1. ## 'simple' proofs

What are the last two digits of 3^1234

2. Originally Posted by anncar
What are the last two digits of 3^1234
$3^{1234}=(3^2)^{617}=9^{617}$

if you perform the multiplication at least 6 or 10 powers of 9 (i.e up to $9^{10}$, you should notice that the last digit is 9 for odd powers and 1 for even powers; and the second to the last digit increases from 0, 2 ,4, 6, 8 then 0 again, from one odd power to the next odd power starting from 9^1, while it decreases from 8,6,4,2,0 then 8 again, from one even power to the next even power starting from 9^2..
hence, $3^{1234}=(3^2)^{617}=9^{617}$ has 69 as the last two digits..

3. Hello, anncar!

Another approach . . .

What are the last two digits of $3^{1234}$
We have: . $3^{1234} \:=\:3^{2\cdot617} \:=\:(3^2)^{617} \:=\:9^{617}\:=\:(10 - 1)^{617}$

Then we have:

. . $\underbrace{10^{617} - {617\choose1}10^{616} + {617\choose2}10^{615} + \cdots - {617\choose2}10^2}_{\text{These do not affect the last two digits}} + {617\choose616}10 - 1$

Therefore, the number ends with: . ${617\choose616}10 - 1 \;=\;6170 - 1 \;=\;61{\color{blue}69}$

4. Yet another approach is to use mod 100. This just depends on what course is asking you the question.
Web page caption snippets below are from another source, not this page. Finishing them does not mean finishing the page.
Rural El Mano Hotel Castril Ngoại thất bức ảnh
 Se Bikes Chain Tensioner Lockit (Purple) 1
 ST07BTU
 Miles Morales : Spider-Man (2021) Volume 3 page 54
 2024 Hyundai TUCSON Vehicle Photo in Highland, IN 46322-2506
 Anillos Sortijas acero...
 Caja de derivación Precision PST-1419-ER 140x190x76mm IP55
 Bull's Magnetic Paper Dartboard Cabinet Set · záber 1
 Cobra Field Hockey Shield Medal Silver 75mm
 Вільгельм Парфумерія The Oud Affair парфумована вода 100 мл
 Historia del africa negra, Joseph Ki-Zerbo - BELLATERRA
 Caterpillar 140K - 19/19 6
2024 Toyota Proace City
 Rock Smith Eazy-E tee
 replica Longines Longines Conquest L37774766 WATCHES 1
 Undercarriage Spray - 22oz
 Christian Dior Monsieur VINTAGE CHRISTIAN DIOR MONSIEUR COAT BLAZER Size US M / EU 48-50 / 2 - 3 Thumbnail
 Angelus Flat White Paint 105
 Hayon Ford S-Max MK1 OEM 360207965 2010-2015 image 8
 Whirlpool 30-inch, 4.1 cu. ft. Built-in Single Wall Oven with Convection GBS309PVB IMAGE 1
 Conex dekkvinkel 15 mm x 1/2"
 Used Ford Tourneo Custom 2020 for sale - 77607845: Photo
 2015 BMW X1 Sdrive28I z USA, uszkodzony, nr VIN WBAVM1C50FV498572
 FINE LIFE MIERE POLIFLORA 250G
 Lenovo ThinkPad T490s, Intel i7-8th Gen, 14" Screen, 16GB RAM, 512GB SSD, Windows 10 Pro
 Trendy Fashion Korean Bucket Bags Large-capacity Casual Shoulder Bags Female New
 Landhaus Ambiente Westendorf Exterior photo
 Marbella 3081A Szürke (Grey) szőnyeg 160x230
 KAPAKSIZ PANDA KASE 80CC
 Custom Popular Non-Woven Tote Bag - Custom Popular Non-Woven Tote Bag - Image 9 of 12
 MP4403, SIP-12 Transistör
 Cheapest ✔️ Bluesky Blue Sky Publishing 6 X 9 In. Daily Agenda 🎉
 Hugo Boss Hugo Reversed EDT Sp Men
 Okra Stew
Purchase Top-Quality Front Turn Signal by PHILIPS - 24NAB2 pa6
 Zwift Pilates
If it's a number theory course, try this technique:

Determine $3^{1234} \mod 100$.

Note that $\phi(100) = \phi(2^2)\cdot\phi(5^2) = 2 \cdot 20 = 40$, so $3^{40} \equiv 1 \mod 100$.

Now let's determine $1234 \mod 40$. You can do this by straight pen and paper division to get $1234 = 30 \cdot 40 + 34$, so $1234 \equiv 34 \mod 40$.

So now we know that $3^{1234} \equiv 3^{34} \mod 100$, which is a much simpler problem to solve.

We know $3^5 = 243 \equiv 43 \mod 100$, so the problem again reduces to $43^6 \cdot 3^4 \mod 100$. Note $43^2 \equiv 49 \mod 100$, so we reduce further to $49^3 \cdot 81 \mod 100$, and since $49^2 \equiv 1 \mod 100$, then the problem simplifies to solving $49 \cdot 81 \mod 100$

Working out this calculation, you get $49 \cdot 81 = 3969 \equiv 69 \mod 100$.

So the final answer is 69.. again. --- this is a good problem showing how different areas of math can be used to solve a single problem.